Il capo cantoniere è libero ma viene sospeso dal lavoro
ATESSA. Torna libero ma è stato sospeso da lavoro il capo cantoniere della Provincia di Chieti. Il gip di Lanciano, Massimo Canosa, ha disposto la scarcerazione per Michele Caniglia, 51 anni, di...

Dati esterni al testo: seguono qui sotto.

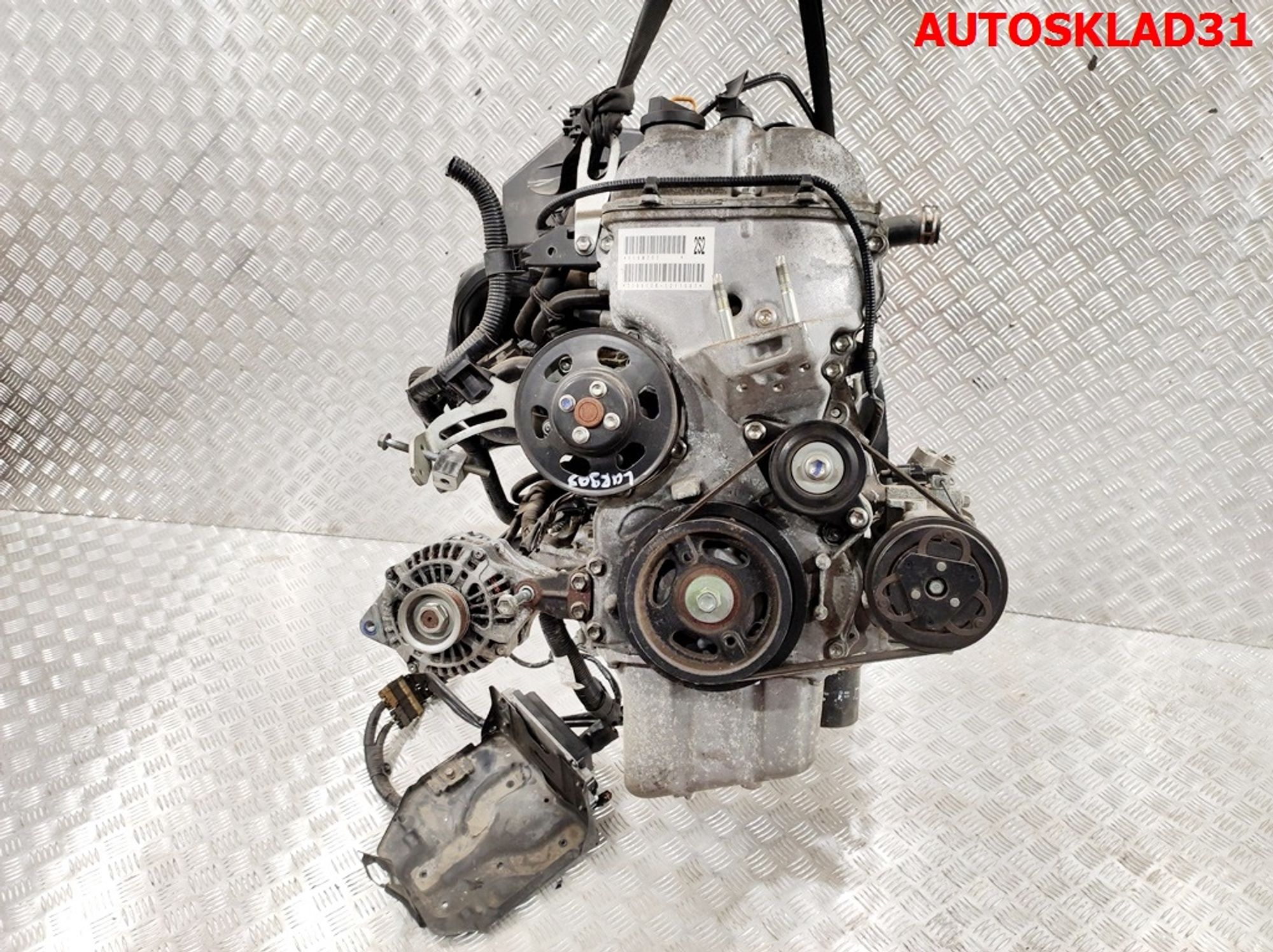 Двигатель K12B Suzuki Swift 1.2 Бензин, 36000 рублей, Дубовое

ATESSA. Torna libero ma è stato sospeso da lavoro il capo cantoniere della Provincia di Chieti. Il gip di Lanciano, Massimo Canosa, ha disposto la scarcerazione per Michele Caniglia, 51 anni, di Atessa, dipendente del settore viabilità e manutenzione stradale, arrestato e posto ai domiciliari lo scorso 26 settembre con le accuse di truffa aggravata, peculato e falsità ideologica, in concorso con due suoi sottoposti, che sono stati solo denunciati. Nei suoi confronti è comunque scattata la misura interdittiva della sospensione dal lavoro. Il gip ha accolto la richiesta di revoca della misura cautelare ai domiciliari, presentata dal difensore dell’uomo, Giulia Orsini, al termine dell’interrogatorio di garanzia, nel corso del quale Caniglia avrebbe chiarito alcuni aspetti della vicenda a suo carico. Il capo cantoniere di Atessa torna in libertà dopo dodici giorni trascorsi agli arresti domiciliari. A chiedere il suo arresto è stata la Procura di Lanciano, dopo che l’ente provinciale aveva segnalato dipendenti assenteisti e al termine delle indagini condotte dalla sezione carabinieri della polizia giudiziaria. Secondo le accuse Caniglia, invece di svolgere il proprio lavoro, dava una mano nella farmacia agrobiologica intestata alla moglie. Altre volte avrebbe utilizzato i mezzi e il carburante, messi a disposizione della Provincia per le mansioni di cui era incaricato, per sbrigare commissioni personali. E, infine, avrebbe dichiarato falsamente un periodo di congedo per giustificare proprio le assenze da lavoro. Denunciati a piede libero per gli stessi reati, ma coinvolti in un numero più esiguo di episodi, i due operai sottoposti al capo cantoniere, B.D.B., 48 anni, di Casalbordino, e B.T., 59 anni, di Casoli. (s.so.)